Agreement and understanding aren’t concepts that usually come to mind when the issue of Muslim-Jewish relations is brought up these days. The two communities have much to disagree about politically, and opportunities for genuine dialogue have been few and far between. But there’s hardly been a more critical time for Jews and Muslims to come together than now.
Across North America and Europe, both in the halls of power and on the streets, incidents of anti-Semitism are on the rise. Bigotry against people of colour, millions of whom are Muslims who reside in the West, is also on the rise. A 28-year-old man in Quebec City killed six Muslims in cold blood last year. Meanwhile, members of the so-called “alt-right” call for the creation a “white ethnostate” that’s free from the corrupting influence of Muslims and Jews.
Canada isn’t immune to the allure of far-right populist rhetoric. It has already began to shape the contours of our politics, locally and nationally. A poll conducted earlier this year by Ekos Research and The Canadian Press showed that just 46 per cent of Canadians express views that amount to a tolerant and open-minded perspective of the world and of each other. Whatever this means going forward, the effects will have serious, possibly long-term consequence for both Jews and Muslims.
Coming together to face this rising wave of hate requires both communities to commit to a level of honest introspection. Leaders from both groups must address any problems stemming from their own community that result in hatred toward the other side. Now is as good a time as any to seek common ground. This doesn’t mean overlooking areas of profound disagreement, as sweeping such issues under the rug will simply exacerbate whatever negative effects they may have on future relations. Rather, both communities must work to decide which issues can be momentarily put aside, so that we may come together.
Those issues are not going away, and terms like Zionism and Islamophobia still represent wedge issues that are unlikely to be neatly resolved in the near future. But a conversation between Muslims and Jews can still be had without either side compromising on their principals. This must be the broader goal.

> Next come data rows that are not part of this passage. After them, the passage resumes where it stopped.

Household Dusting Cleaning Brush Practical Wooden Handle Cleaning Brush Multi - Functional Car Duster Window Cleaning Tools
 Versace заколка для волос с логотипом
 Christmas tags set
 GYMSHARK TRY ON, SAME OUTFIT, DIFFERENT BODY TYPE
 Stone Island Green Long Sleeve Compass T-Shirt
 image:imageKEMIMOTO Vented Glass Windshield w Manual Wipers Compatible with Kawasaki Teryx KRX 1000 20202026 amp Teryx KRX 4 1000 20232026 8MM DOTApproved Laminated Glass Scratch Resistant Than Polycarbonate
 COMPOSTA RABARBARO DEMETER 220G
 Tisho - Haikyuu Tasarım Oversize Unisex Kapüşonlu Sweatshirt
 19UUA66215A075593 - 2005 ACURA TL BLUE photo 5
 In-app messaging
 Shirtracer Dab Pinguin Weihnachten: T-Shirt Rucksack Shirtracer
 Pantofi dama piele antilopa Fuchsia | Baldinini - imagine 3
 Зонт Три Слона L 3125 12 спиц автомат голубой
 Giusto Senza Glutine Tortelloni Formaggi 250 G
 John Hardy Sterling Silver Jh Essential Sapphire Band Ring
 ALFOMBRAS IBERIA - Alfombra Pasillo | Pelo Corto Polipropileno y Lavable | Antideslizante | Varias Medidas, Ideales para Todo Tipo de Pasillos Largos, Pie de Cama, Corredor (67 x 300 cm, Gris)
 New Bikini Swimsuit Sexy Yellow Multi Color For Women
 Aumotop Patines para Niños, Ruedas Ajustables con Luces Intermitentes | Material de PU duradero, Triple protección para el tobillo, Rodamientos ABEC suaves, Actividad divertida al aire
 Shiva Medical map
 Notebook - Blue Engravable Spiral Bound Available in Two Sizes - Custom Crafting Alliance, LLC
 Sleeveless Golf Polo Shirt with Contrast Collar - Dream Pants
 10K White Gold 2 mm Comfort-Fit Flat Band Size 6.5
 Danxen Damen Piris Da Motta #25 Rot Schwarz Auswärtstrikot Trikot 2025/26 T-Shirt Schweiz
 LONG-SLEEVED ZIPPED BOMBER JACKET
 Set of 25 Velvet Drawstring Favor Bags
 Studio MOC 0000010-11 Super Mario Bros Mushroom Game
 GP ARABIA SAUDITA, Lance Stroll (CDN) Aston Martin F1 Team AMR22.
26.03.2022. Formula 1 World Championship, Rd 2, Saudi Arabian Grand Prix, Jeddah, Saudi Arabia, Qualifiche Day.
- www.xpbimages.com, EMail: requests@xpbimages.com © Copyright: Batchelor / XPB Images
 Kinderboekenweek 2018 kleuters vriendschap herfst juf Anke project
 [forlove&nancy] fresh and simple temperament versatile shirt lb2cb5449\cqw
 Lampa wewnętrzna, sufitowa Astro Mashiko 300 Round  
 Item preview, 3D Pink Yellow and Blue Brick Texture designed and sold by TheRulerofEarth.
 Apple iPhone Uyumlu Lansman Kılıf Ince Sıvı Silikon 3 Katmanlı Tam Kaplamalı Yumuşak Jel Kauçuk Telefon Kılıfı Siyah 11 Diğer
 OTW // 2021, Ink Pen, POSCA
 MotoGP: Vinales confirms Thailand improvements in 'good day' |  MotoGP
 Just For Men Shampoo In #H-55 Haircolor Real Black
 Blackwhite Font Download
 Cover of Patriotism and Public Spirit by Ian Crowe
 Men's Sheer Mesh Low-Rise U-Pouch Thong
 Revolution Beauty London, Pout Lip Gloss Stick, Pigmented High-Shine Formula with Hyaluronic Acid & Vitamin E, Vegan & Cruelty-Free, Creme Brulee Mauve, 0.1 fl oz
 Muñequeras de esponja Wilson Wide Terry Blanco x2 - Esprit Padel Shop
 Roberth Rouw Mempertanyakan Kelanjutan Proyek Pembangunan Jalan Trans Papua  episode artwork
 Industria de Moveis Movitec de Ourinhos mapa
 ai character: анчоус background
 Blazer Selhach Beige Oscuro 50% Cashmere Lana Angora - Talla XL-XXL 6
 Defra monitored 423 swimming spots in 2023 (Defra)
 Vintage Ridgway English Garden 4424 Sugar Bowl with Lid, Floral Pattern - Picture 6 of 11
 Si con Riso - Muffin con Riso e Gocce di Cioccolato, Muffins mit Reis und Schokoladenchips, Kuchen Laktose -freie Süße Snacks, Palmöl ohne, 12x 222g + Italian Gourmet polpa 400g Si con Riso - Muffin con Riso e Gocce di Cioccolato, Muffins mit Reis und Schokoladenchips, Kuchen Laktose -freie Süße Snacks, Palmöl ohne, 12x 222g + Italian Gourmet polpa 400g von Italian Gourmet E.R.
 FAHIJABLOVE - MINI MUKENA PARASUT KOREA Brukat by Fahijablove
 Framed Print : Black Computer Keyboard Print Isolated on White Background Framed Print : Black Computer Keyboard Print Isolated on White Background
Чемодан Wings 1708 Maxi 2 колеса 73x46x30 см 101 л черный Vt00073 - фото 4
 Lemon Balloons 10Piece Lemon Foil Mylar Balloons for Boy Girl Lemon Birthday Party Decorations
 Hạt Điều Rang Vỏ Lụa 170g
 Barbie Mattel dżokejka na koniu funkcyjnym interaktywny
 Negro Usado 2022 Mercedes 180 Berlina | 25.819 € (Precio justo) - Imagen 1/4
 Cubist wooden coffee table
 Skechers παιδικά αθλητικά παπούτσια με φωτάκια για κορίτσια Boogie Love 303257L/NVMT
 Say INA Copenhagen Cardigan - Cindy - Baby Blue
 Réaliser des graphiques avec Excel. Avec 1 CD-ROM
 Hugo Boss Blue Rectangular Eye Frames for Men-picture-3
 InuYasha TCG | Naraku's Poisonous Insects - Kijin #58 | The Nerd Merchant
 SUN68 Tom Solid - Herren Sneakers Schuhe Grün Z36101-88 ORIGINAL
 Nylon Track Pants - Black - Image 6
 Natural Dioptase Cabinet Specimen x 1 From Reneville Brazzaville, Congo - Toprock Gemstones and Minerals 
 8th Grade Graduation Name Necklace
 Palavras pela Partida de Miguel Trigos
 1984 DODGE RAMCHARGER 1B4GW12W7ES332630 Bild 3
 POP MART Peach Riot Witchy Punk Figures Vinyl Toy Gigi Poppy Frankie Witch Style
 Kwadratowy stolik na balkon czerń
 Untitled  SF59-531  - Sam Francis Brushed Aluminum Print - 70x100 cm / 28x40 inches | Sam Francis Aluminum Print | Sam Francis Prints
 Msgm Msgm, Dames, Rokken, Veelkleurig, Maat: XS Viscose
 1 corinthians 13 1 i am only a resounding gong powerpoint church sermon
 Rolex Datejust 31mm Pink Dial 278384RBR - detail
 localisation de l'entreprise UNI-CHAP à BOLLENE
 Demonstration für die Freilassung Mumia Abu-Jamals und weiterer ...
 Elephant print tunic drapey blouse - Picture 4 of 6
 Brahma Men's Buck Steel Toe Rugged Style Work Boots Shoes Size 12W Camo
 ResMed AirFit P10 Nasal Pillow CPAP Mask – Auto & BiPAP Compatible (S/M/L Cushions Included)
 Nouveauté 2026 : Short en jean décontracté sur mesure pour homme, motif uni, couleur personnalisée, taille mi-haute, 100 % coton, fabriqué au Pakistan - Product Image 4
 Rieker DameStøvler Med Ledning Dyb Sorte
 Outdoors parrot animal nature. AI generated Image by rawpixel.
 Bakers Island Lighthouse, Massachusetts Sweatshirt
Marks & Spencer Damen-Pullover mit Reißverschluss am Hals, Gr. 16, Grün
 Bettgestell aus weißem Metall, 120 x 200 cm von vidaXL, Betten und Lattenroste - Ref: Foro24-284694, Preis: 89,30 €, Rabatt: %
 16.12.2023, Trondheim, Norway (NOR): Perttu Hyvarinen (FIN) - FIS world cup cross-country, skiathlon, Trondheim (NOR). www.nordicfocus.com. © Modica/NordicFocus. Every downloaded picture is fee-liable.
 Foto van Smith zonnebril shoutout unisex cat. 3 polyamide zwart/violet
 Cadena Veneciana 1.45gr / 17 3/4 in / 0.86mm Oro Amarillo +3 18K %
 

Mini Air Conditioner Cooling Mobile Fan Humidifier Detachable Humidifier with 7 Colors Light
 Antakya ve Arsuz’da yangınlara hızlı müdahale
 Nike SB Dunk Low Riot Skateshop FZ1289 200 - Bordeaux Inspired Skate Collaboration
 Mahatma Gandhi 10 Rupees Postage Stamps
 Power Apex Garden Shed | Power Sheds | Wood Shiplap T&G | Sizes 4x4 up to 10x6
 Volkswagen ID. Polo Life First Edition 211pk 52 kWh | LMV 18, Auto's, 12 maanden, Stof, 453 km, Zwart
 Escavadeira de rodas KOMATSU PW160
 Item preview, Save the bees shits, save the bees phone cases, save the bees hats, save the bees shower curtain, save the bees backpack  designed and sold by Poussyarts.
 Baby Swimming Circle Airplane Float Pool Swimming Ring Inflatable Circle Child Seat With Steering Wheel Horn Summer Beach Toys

Both the Canadian Jewish and Muslim communities are faith-based and share a religious outlook that’s constantly being negotiated within secular contexts throughout the Western world. This is a baseline of common experience that can be explored, in order to establish a deeper sense of empathy and understanding between the two communities. Issues related to education, religious leadership, advocacy and even security – something that has become a real priority for many minority communities in North America – could benefit greatly from cross-communal exchange and pollination.
Several community organizers have already begun this process. Leaders on both sides have started a conversation about what more can be done to bring Muslims and Jews closer together. Next week, leading figures in both communities will discuss this question publicly in Toronto, in the hopes of sparking a positive long-term relationship.
There is little, if anything, to be gained – for either Muslims or Jews – by trying to sabotage the other side in bad faith. There are serious cases of political disagreement, and members of both communities will find each other on opposite sides when the chips fall on some important issues. But there is also much more to be gained through dignified and honest co-operation. It shouldn’t take the troubling rise of neo-fascist populism across the Western world to force both sides toward mutual support, but here we are.